An appropriate experimental animal model of TTS must address these important features of TTS. Toxic doses of catecholamines are not likely to be helpful in creating such a model, as they seem to cause more sustained and profound myocardial changes than those associated with TTS.

• Paolo Angelini, MD
• Texas Heart Institute, Houston, TX, USA
• Jonathan M. Tobis, MD
• University of California, Los Angeles, CA, USA

(Released online March 5, 2015)

References

• 1.    Wright  PT,  Tranter  MH,  Morley-Smith  AC,  Lyon  AR. Pathophysiology of takotsubo syndrome: Temporal phases of cardiovascular responses to extreme stress. Circ J 2014; 78: 1550–1558.
• 2.    Redfors  B,  Ali  A,  Shao  Y,  Lundgren  J,  Gan  LM,  Omerovic  E. Different catecholamines induce different patterns of takotsubo-like cardiac dysfunction in an apparently afterload dependent manner. Int J Cardiol 2014; 174: 330–336.
• 3.    Sachdeva  J,  Dai  W,  Kloner  RA. Functional and histological assessment of an experimental model of Takotsubo’s cardiomyopathy. J Am Heart Assoc 2014; 3: e000921, doi:10.1161/JAHA.114.000921.
• 4.    Willis  BC,  Salazar-Cantú  A,  Silva-Platas  C,  Fernández-Sada  E,  Villegas  CA,  Rios-Argaiz  E, et al. Impaired oxidative metabolism and calcium mishandling underlie cardiac dysfunction in a rat model of post acute isoproterenol-induced cardiomyopathy. Am J Physiol Heart Circ Physiol 2015; 308: H467–H477.
• 5.    Giavarini  A,  Chedid  A,  Bobrie  G,  Plouin  PF,  Hagege  A,  Amar  L. Acute catecholamine cardiomyopathy in patients with phaeochromocytoma or functional paraganglioma.
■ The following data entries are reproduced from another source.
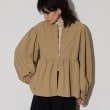 ギャレスト(GALLEST)のノーカラーぺプラムブルゾン ベージュ(052)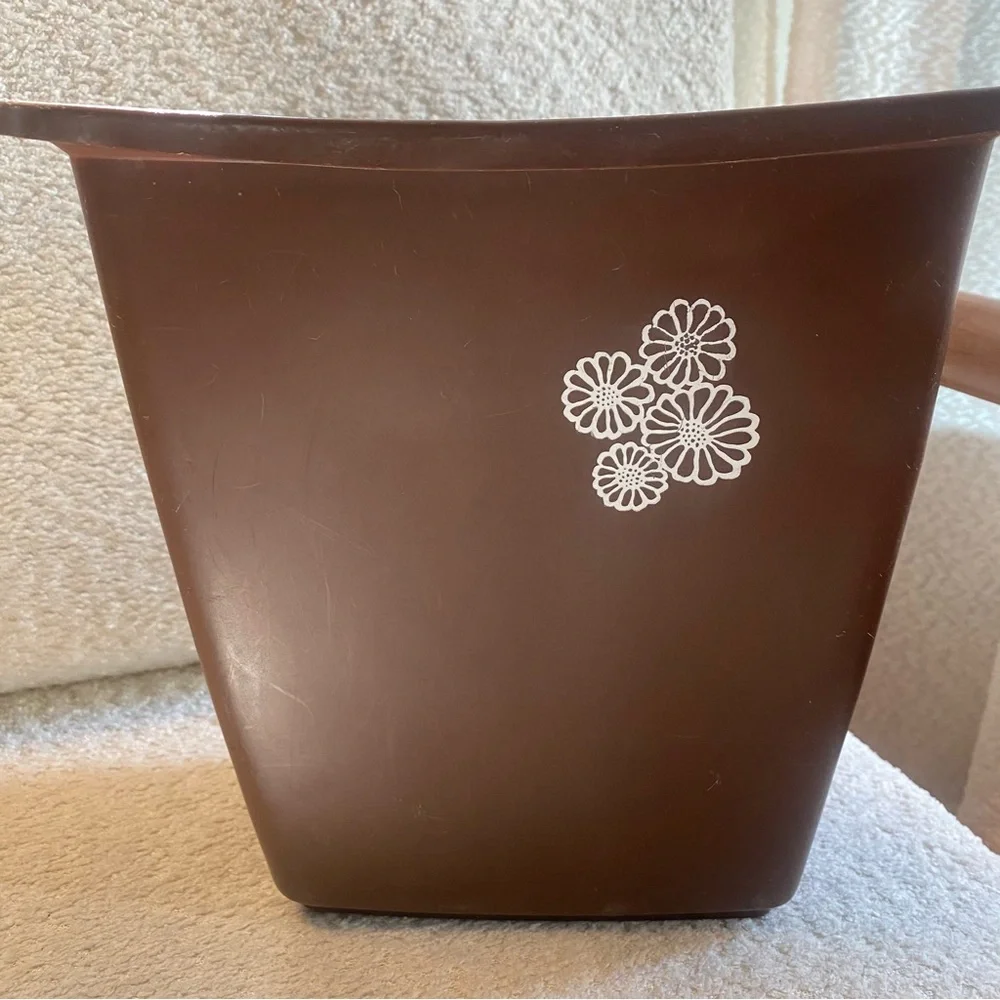 Vintage MCM Rubbermaid 2952 Wastebasket Trash Bin Brown White Flowers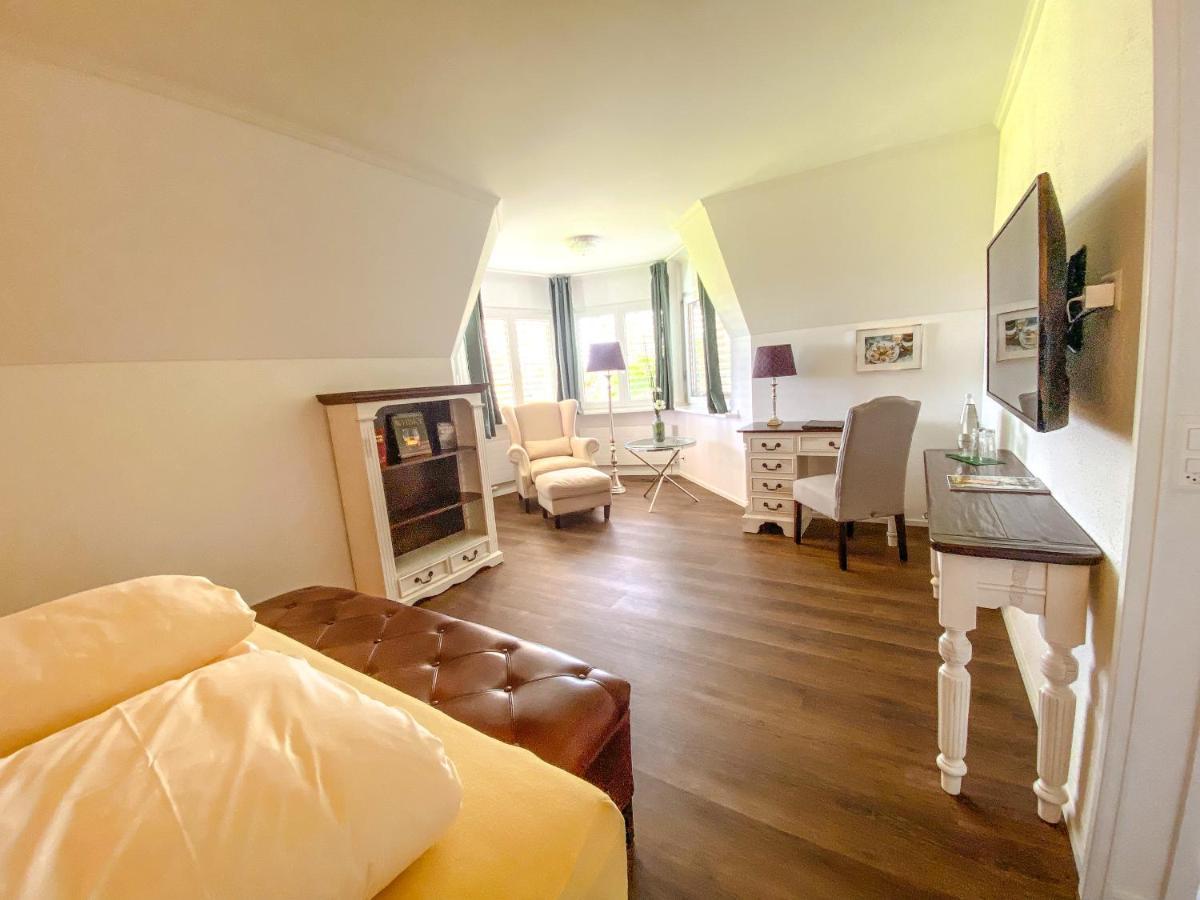 Trompeterschloessle Hotel & Residence Taegerwilen Bagian luar foto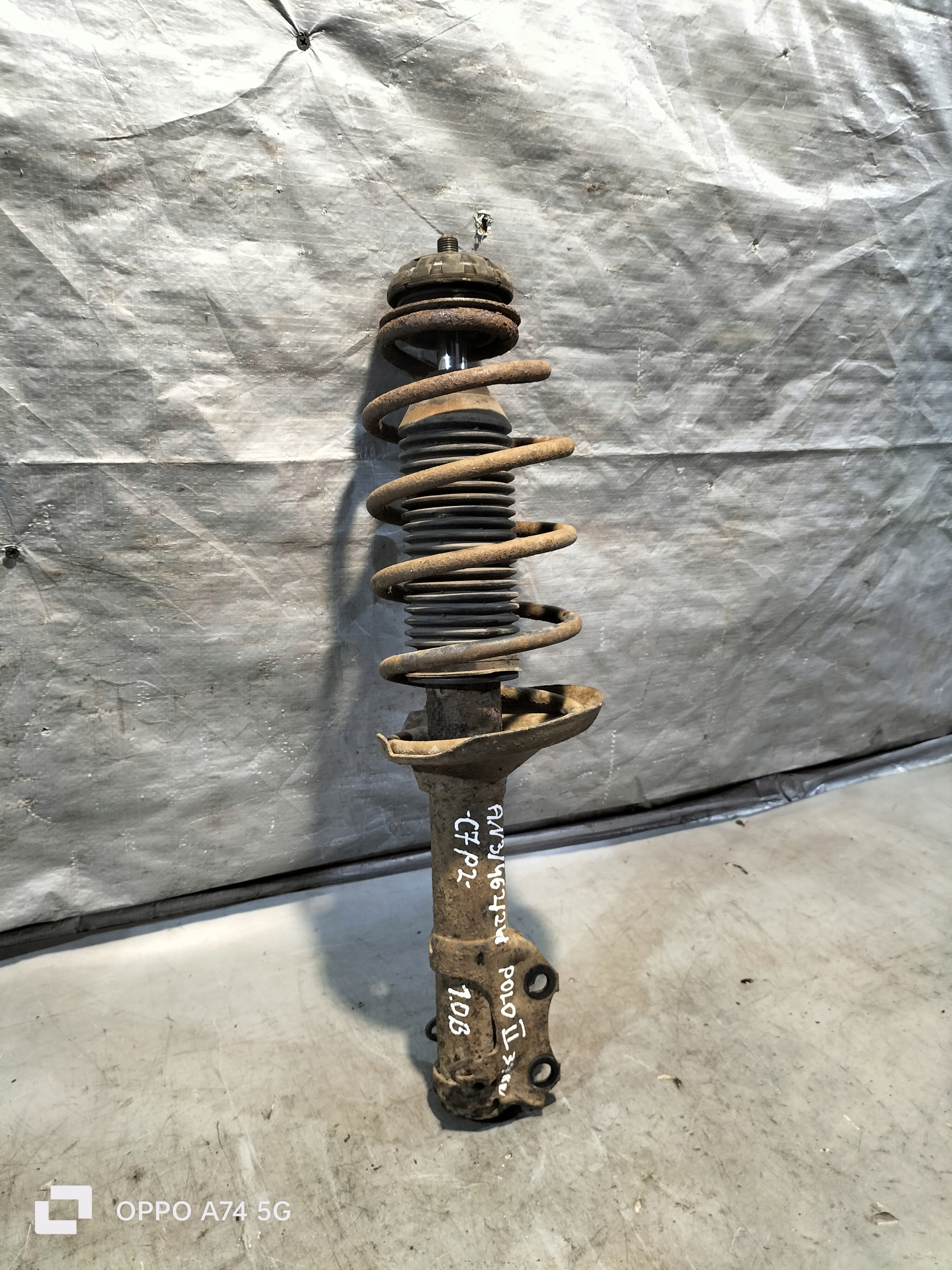MCPERSON McPherson shock absorber right left front VW POLO 1997R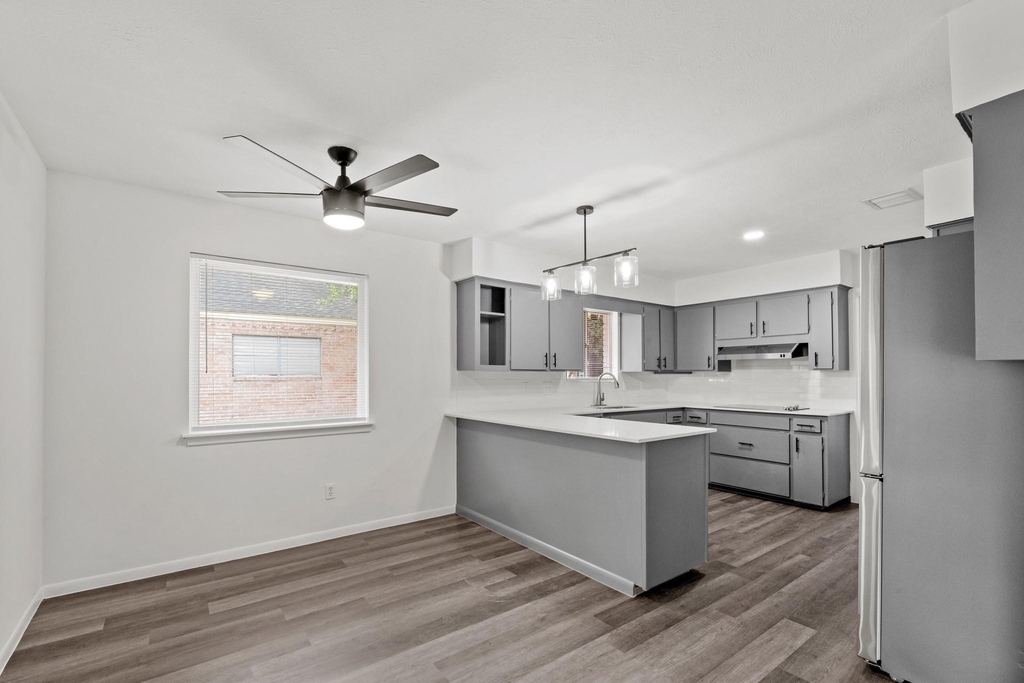 8307 Braesview Lane - Photo 2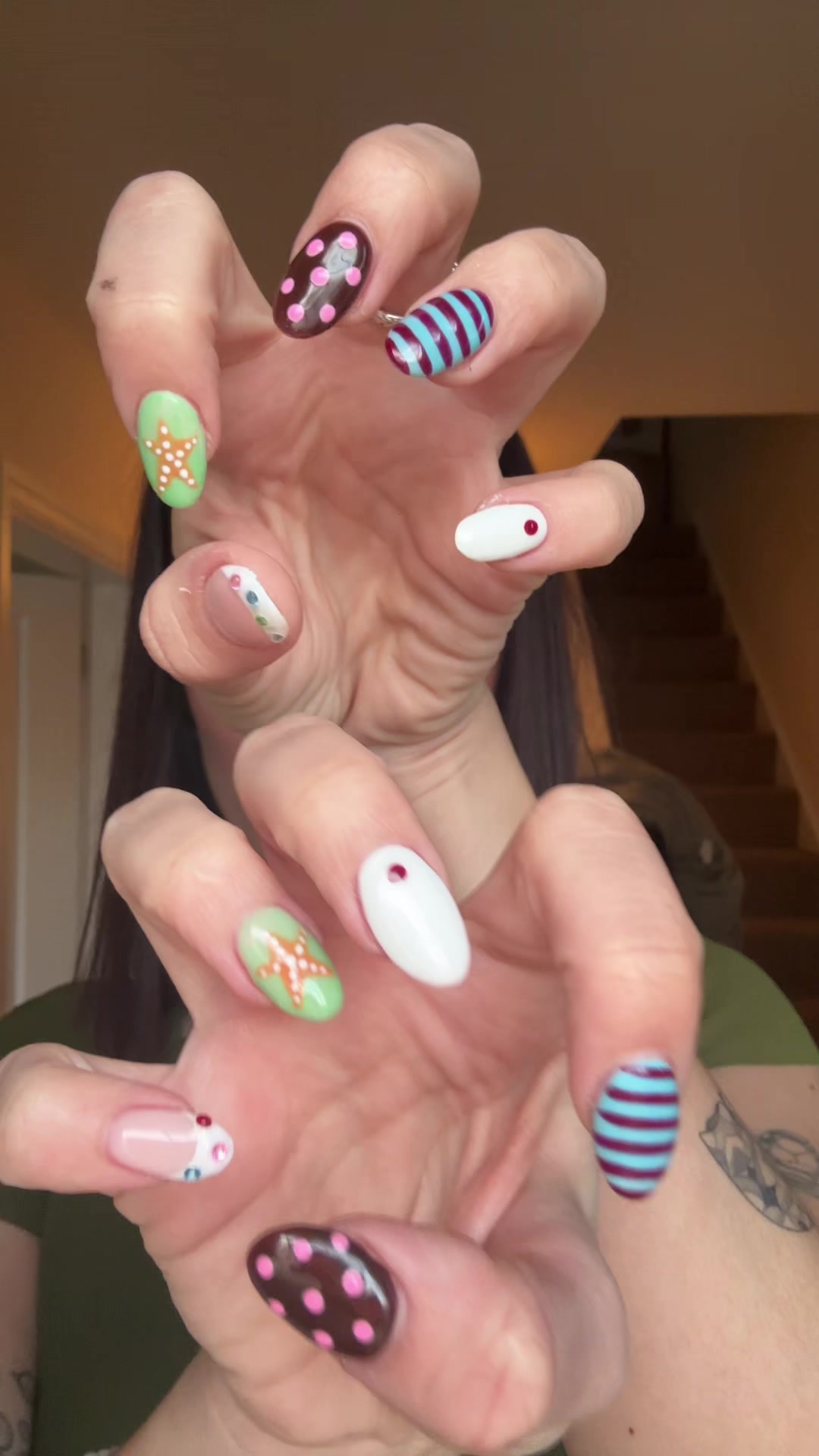 @Erintatts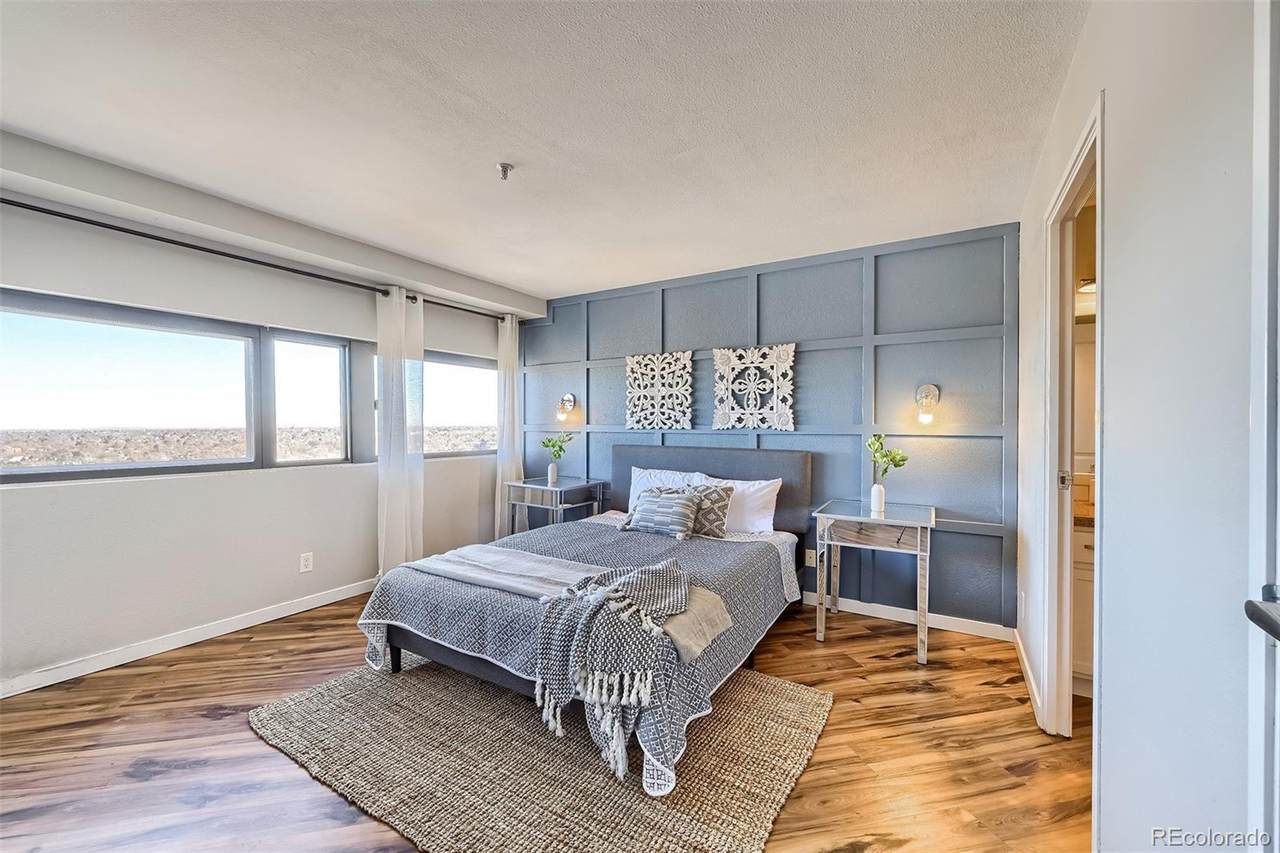 100 Park Avenue - Photo 1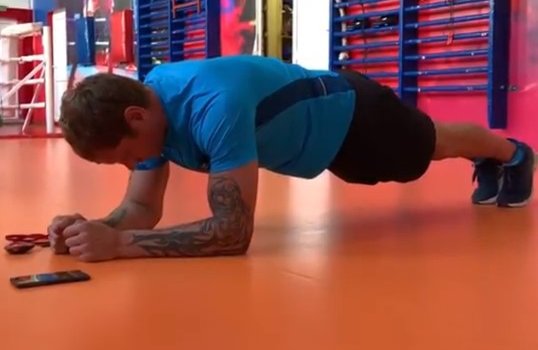 Александр Емельяненко прошел «Планка челлендж» - выдержал 10 минут (Видео)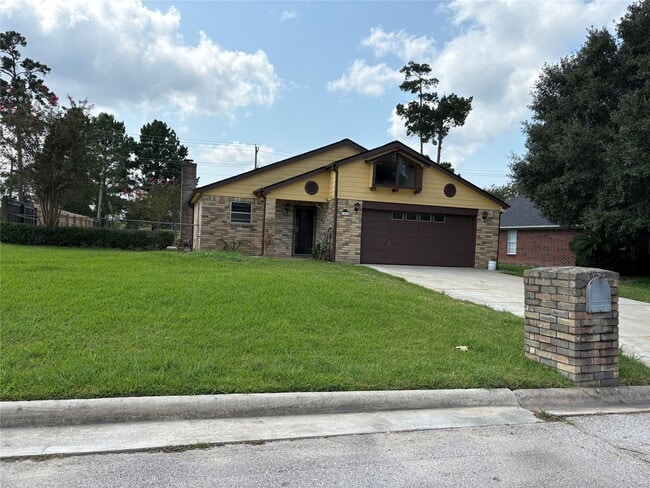 Primary Photo - 1401 Andover Ln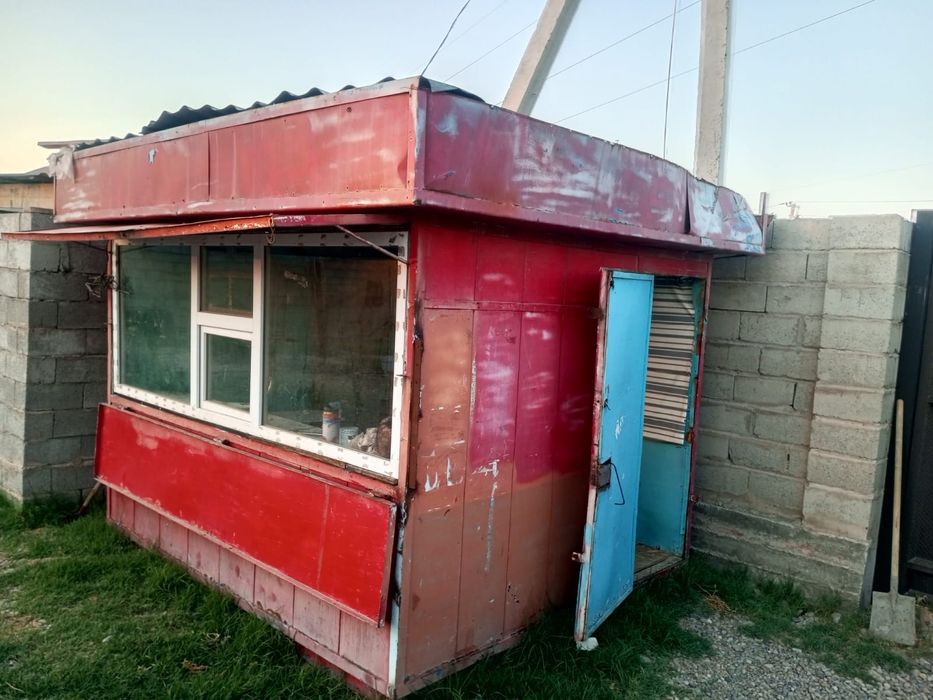 Ларек продам целый для стройки можно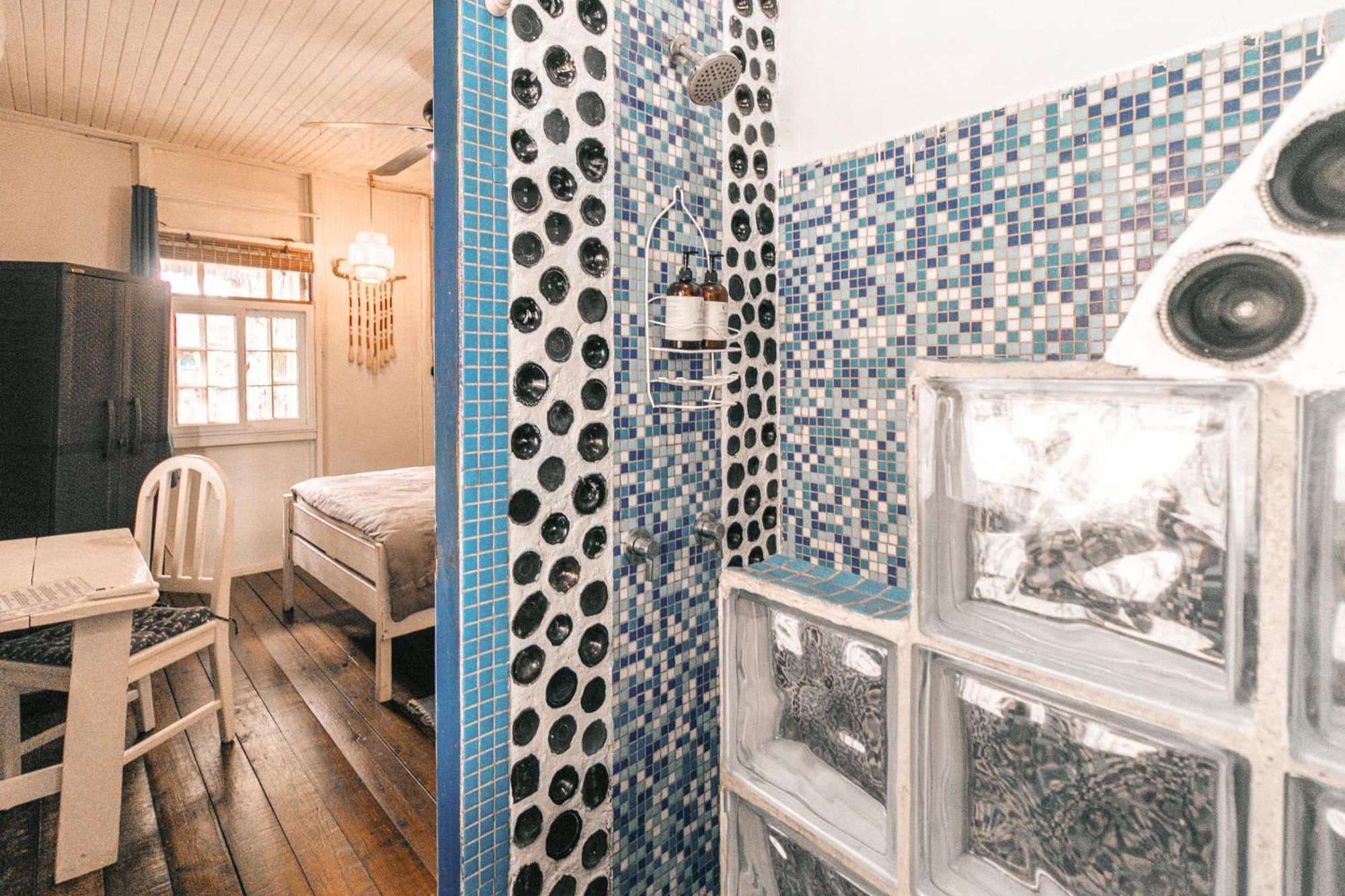 Saigon Bay Bed & Breakfast Bocas Town Dış mekan fotoğraf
Heart 2013; 99: 1438–1444.
• 6.    Angelini  P. Transient left ventricular apical ballooning: A unifying pathophysiologic theory at the edge of Prinzmetal angina. Catheter Cardiovasc Interv 2008; 71: 342–352.
• 7.    Angelini  P,  Monge  J,  Simpson  L. Biventricular takotsubo cardiomyopathy: Case report and general discussion. Tex Heart Inst J 2013; 40: 312–315.